ABOUT THIS TASK — Copy everything in the listing below word for word, apart from any images.

SUPPLIED INFORMATION —
------------------------------------------------------------

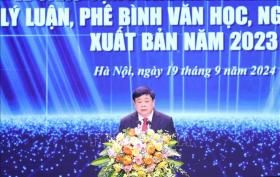 Chăm lo bồi dưỡng, xây dựng đội ngũ lý luận, phê bình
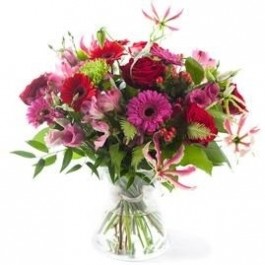 Charming pink/red bouquet, excl. vase
, Charming pink/red bouquet, excl. vase
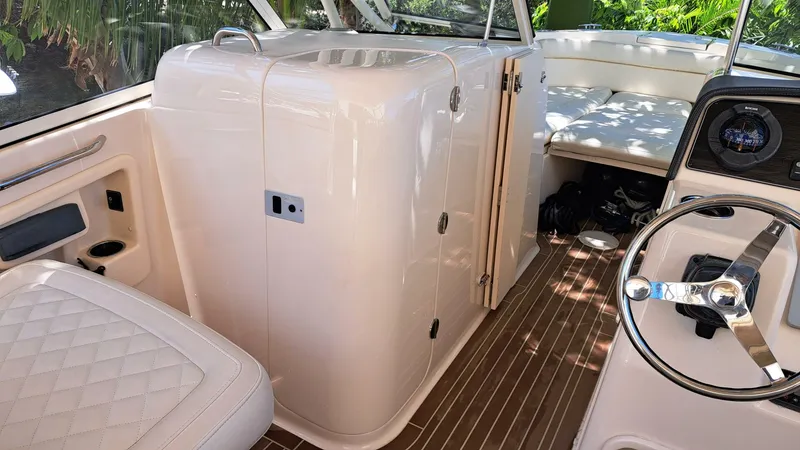 Slide: The Image of Grady-White Freedom 285 2018 - 4492673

------------------------------------------------------------

TASK OUTPUT —
 Chăm lo bồi dưỡng, xây dựng đội ngũ lý luận, phê bình
 Charming pink/red bouquet, excl. vase
, Charming pink/red bouquet, excl. vase
 Slide: The Image of Grady-White Freedom 285 2018 - 4492673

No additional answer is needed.